◆ What this task involves ◆
Copying exactly, give the lines in the material below from the one with "Landingsstel Stabilisator og" to the one with "actor Caryl Lincoln large photo", ends included, and nothing besides.

◆ Working data ◆
══════════════════════════════

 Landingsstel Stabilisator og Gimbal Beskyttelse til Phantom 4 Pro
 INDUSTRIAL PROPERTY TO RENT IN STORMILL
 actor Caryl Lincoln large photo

══════════════════════════════

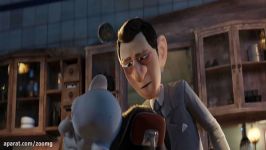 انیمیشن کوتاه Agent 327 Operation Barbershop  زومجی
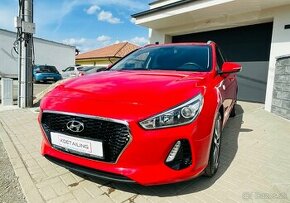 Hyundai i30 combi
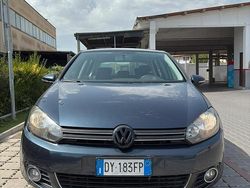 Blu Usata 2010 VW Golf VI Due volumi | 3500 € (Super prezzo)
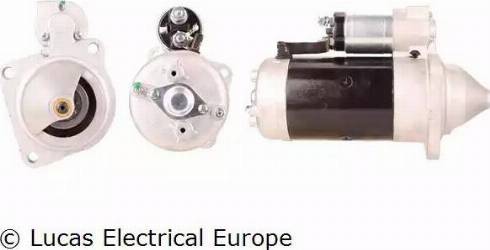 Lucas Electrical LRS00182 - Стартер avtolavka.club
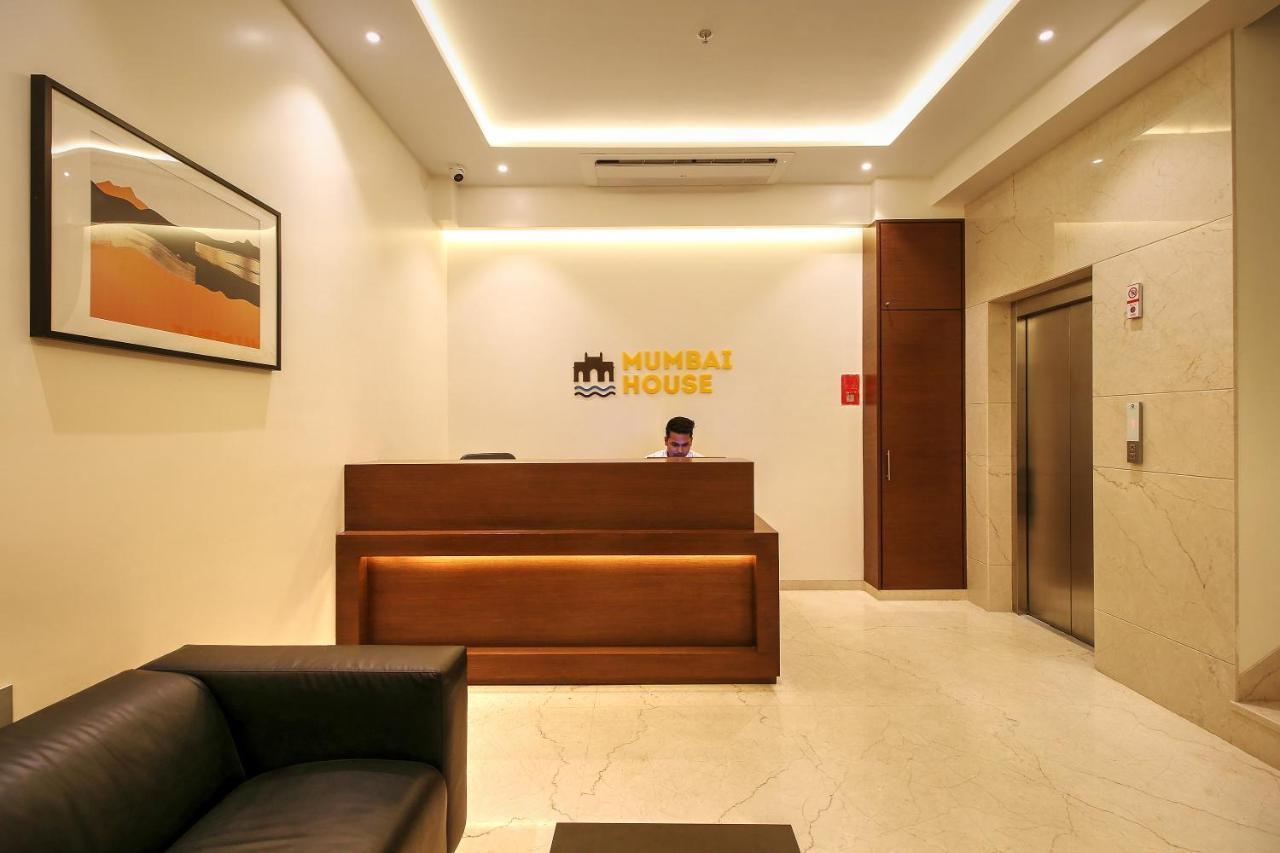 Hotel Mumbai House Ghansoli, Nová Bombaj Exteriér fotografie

══════════════════════════════

◆ Answer to this task ◆
 Landingsstel Stabilisator og Gimbal Beskyttelse til Phantom 4 Pro
 INDUSTRIAL PROPERTY TO RENT IN STORMILL
 actor Caryl Lincoln large photo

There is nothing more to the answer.